To top it off, Stanford could be without starting quarterback and reigning Pac-12 Offensive Player of the Week Kevin Hogan, who may be a game-time decision with a sprained ankle.
Hogan has started in 35 straight games for Stanford and thrown 886 passes in his career. The two men vying to replace him in case of an injury, sophomore Keller Chryst and junior Ryan Burns, have a combined total of two attempted passes.
However, head coach David Shaw and Stanford are fully confident in the team no matter who plays under center against the Beavers.
“They’re young quarterbacks,” Shaw said. “They get you really excited about their potential. You try and push them towards that potential every day. Both guys have a chance to be very good. Both guys are on the verge of being ready. We’ll see if we have to see how ready this Friday.”
“It doesn’t matter who we have out there, everyone has their job and the assignments stay the same,” said senior offensive tackle Kyle Murphy about potential adjustments the line would need to make if Hogan can’t play. “I’m fully confident in everyone on our team to do the job. Whoever has to be called up will be ready at any position.”
Additionally, Stanford will most likely be without another one of its team captains in fifth-year senior outside linebacker Kevin Anderson, who has been bothered by an undisclosed injury. Anderson leads the team with 2.5 tackles for loss and is second with 20 tackles.
The Cardinal will be boosted by the return of senior defensive end Nate Lohn and sophomore inside linebacker Bobby Okereke. Lohn was held out of Saturday’s game against USC due to injury while Okereke was cleared to play towards the end of last week but still sat out the USC game. Both should see the field against the Beavers.
Though a victory over a top-10 foe is special to all participants, Saturday’s win over USC felt especially sweet to a few members of the Cardinal who grew up in Southern California.

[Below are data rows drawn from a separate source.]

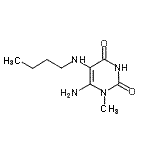 CAS 登录号：131598-63-5， 6-氨基-5-(丁基氨基)-1-甲基-2,4(1H,3H)-嘧啶二酮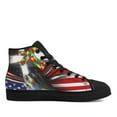 thumbnail image 2 of Autism Awareness Cross High Top Canvas Shoes Sneakers Black Size 4.5, 2 of 7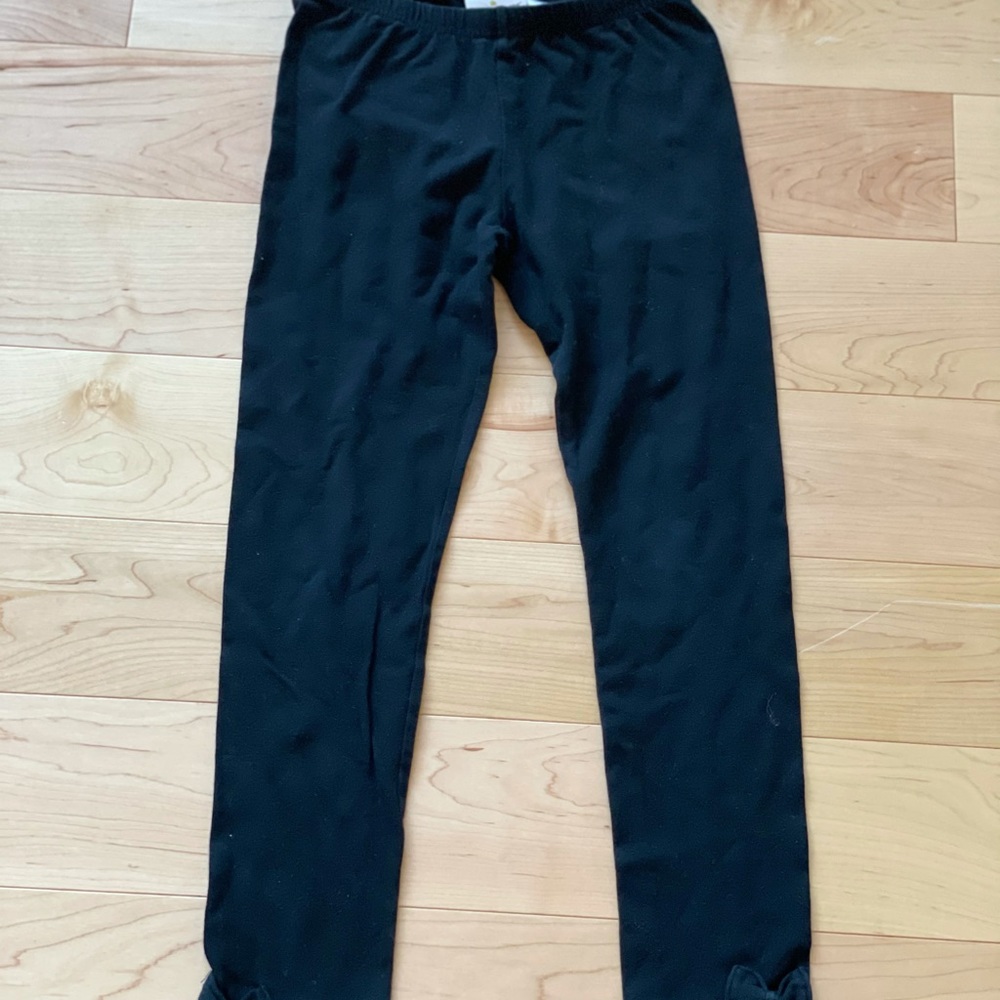 Black bow leggings
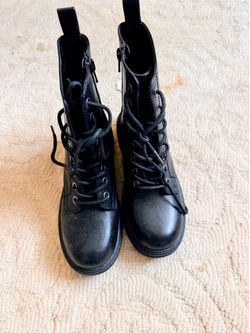 NEW Black Combat Boots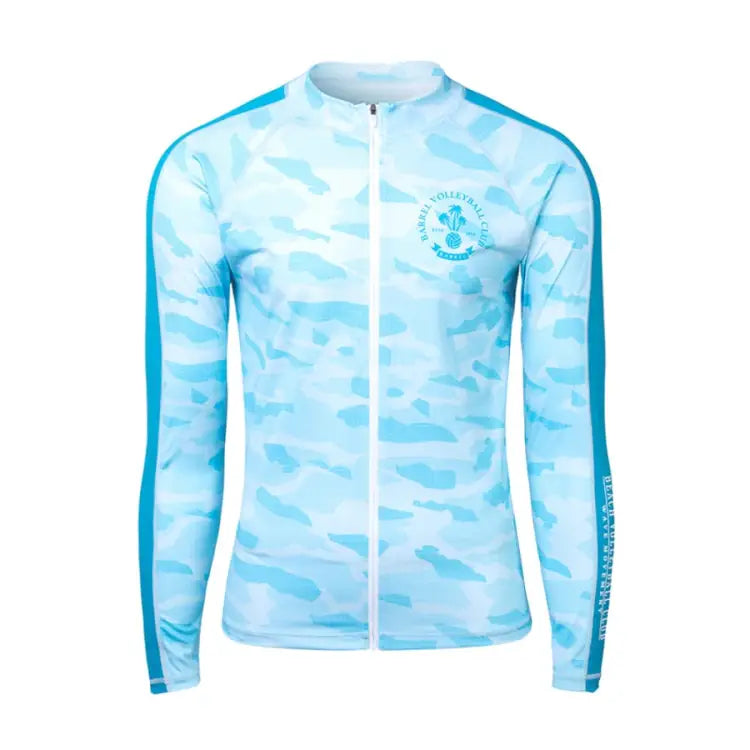 Barrel Mens Volley Zip-up Rashguard-wave - Image 2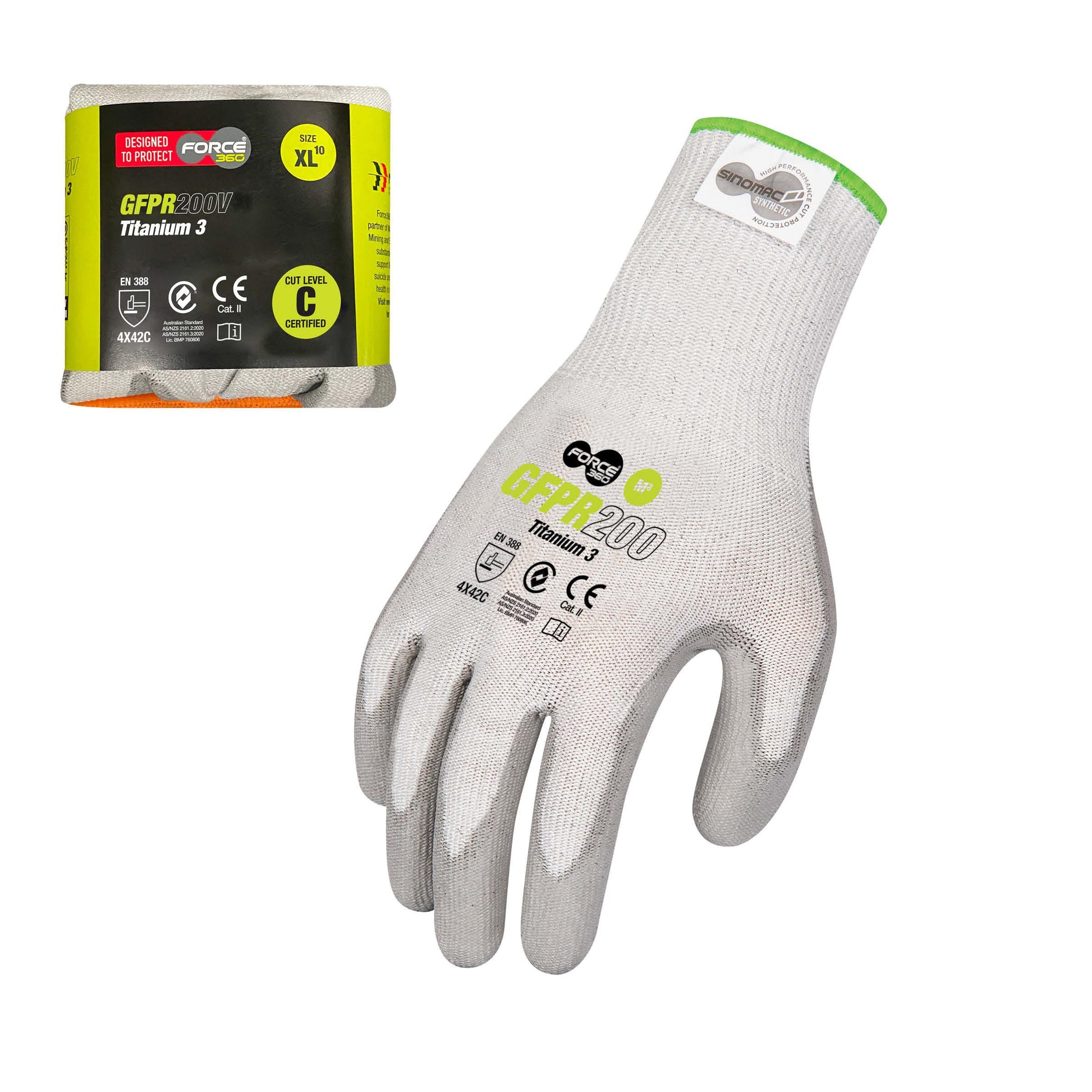 Force360 Force360 Titanium 3 PU Glove (Cut Level C) Vend-Ready Packaging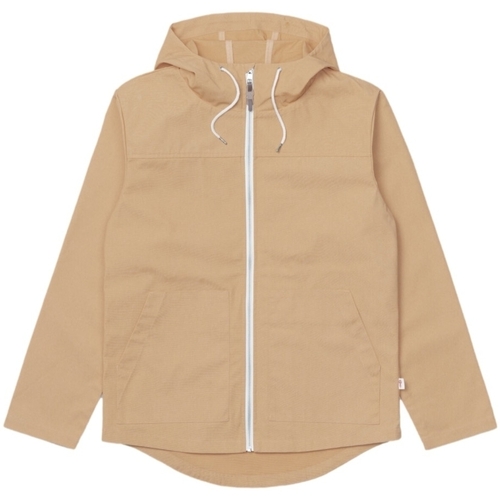 tekstylia Męskie Płaszcze Revolution Hooded Jacket 7351 - Khaki Beżowy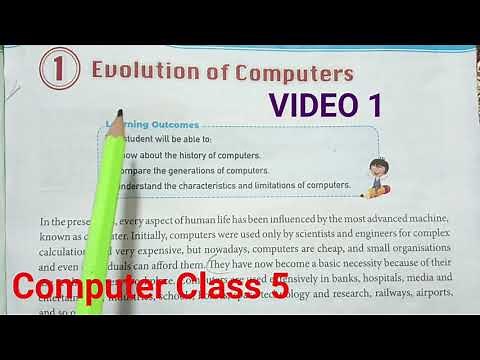 Computer class 5 | Computer class 5 chapter 1 | Class 5 computer chapter 1 | Evolution of computers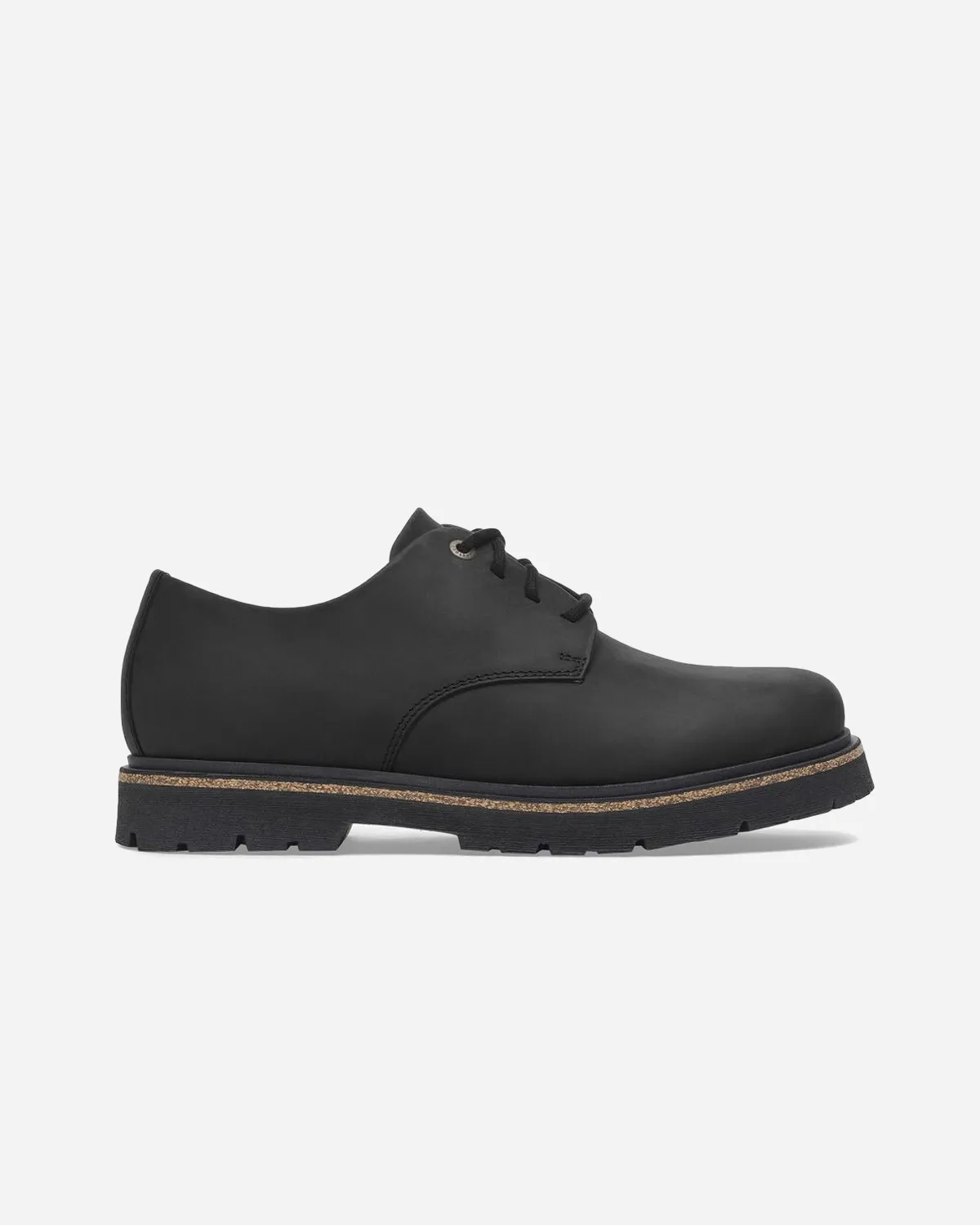 Highwood Lace Low Natural Leather Regular - black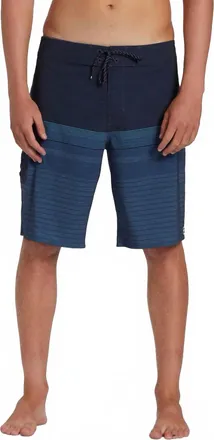 Billabong All Day Heather Stripe Boardies Shorts In Navy
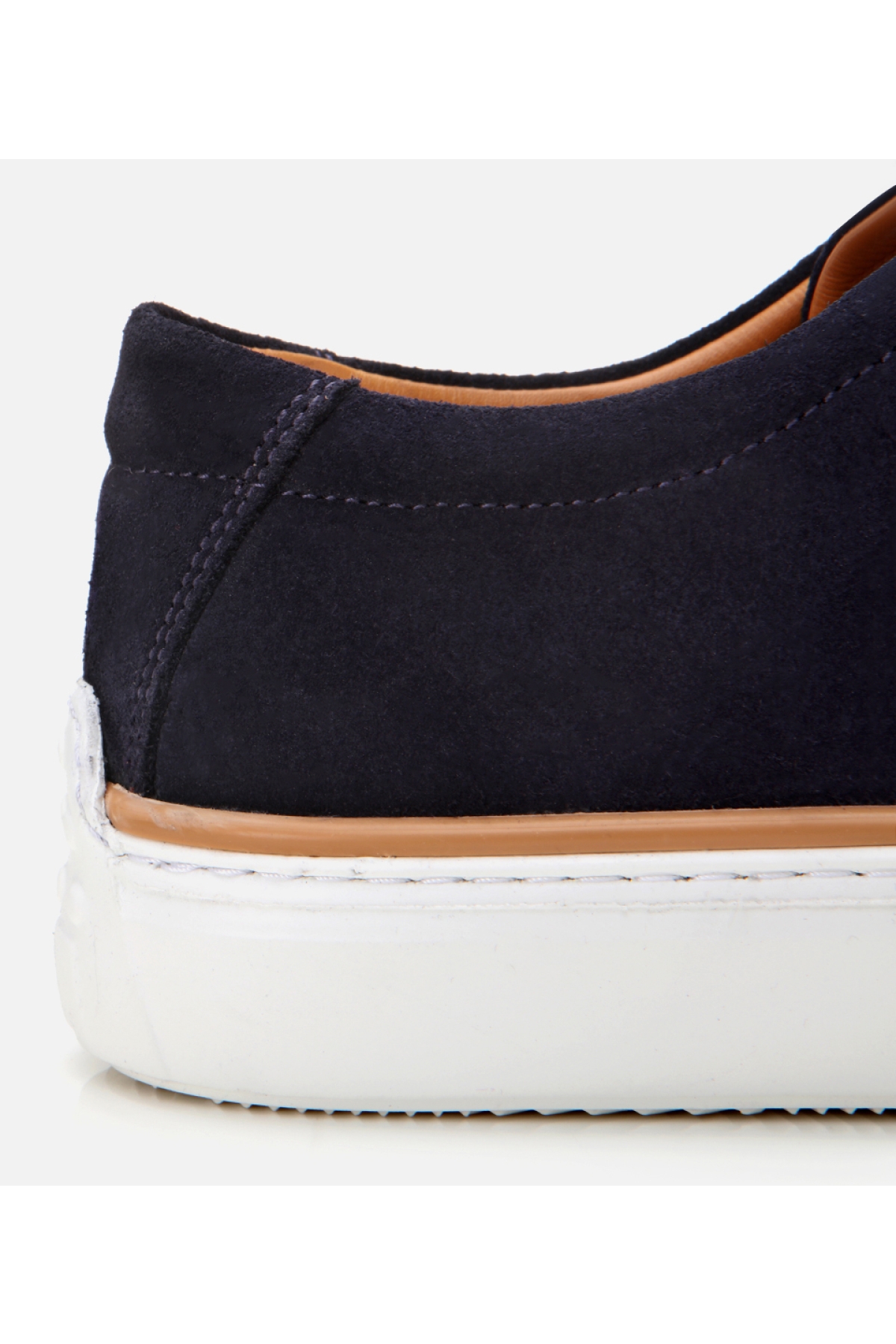 Erkek Süet Deri Lacivert Hafif Tabanlı Günlük Ayakkabı - Görsel 5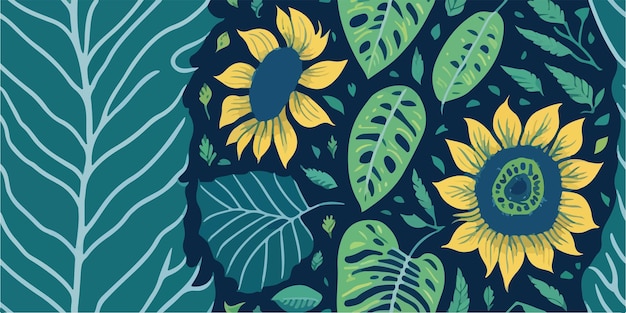 Blooming Beauties Natureinspired Floral and Sunflower Vector Patterns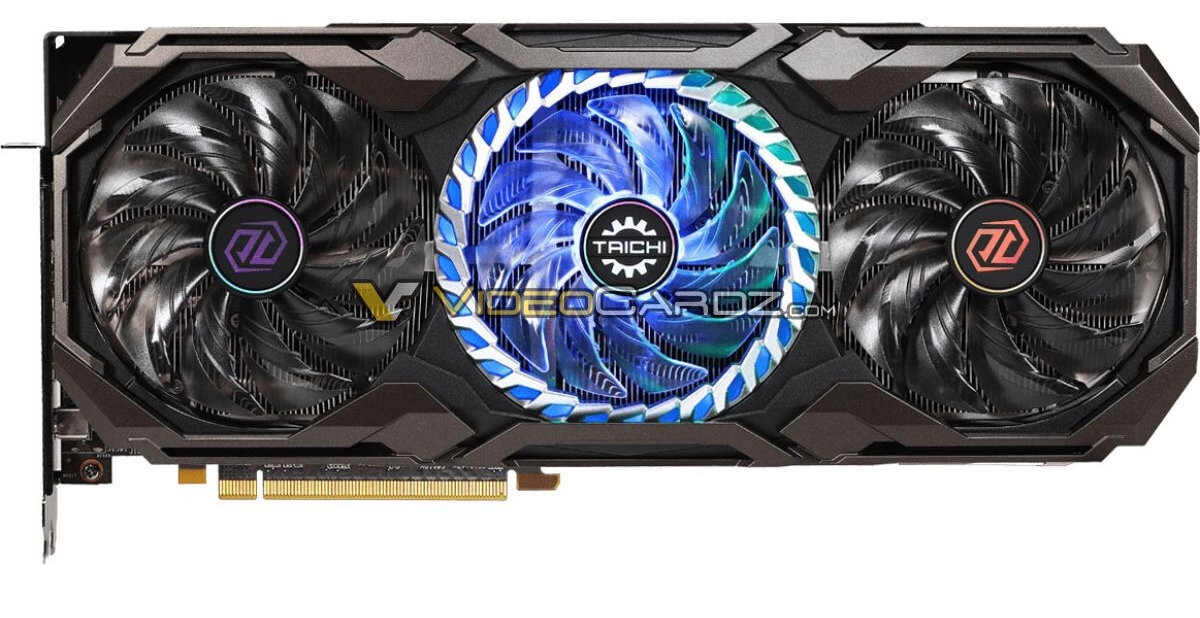 This is the ASRock Radeon RX 6800 XT Taichi graphics card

Junior guard David Bright, who saw extensive action as an extra lineman in the win, attended Mater Dei High School in Orange County, one of the hotbeds of talent that feeds the USC pipeline.
“It was a great experience, probably honestly one of the best days of my life so far,” Bright said. “I just loved it and enjoyed it, and to be able to do that in front of my friends and my family down there and carry that win with me until next year is awesome.”
Kyle Murphy, who went to San Clemente High School in Orange County, faced three former classmates on USC’s roster. Like nearly every Southern California football player, he also grew up following USC football.
“Obviously that’s a huge game every year, especially going down to the Coliseum,” Murphy added. “They’re always a great team – year in and year out one of the most talented teams in the country.
“Particularly being from SoCal I kind of grew up a USC fan – most people down there do especially because there’s no pro team down in Los Angeles. That was a huge win in front of tons of family and friends and just in front of the whole scene of the Coliseum with the people and the torch.”
Senior safety Kodi Whitfield not only faced three former teammates from Loyola High School, but he also directly matched up with several friends who lined up at receiver. Of the 18 receivers on USC’s roster, 14 went to high school in Southern California.
“It’s huge. It’s always huge to play down in LA specifically,” Whitfield said. “It’s funny because the Coliseum is probably ten minutes tops from my high school, because you can just go straight down Venice. But knowing all those guys too, sure there’s some innocent trash talk going back and forth, but to come out on top against the hometown team just feels great.”
“I knew a couple of the receivers too so even getting those 1-on-1 matchups was stressful cause I was like, ‘This is all my trash talk on the line.’”
Of course, the danger of an emotional win lies in focusing on it for too long. Whitfield acknowledged the need to move past the win and focus on the next opponent.
“The biggest thing is we can’t let that win be too big in our mind,” he said. “You have to attack each week with the same focus. You don’t want to win games that people say you’re not going to win and think it’s your Super Bowl.
“This week we came out focusing on Oregon State, but really the biggest thing is to play our best football each week no matter who’s in front of us.”
Stanford faces Oregon State at 7:30 p.m. this Friday on Fox Sports 1.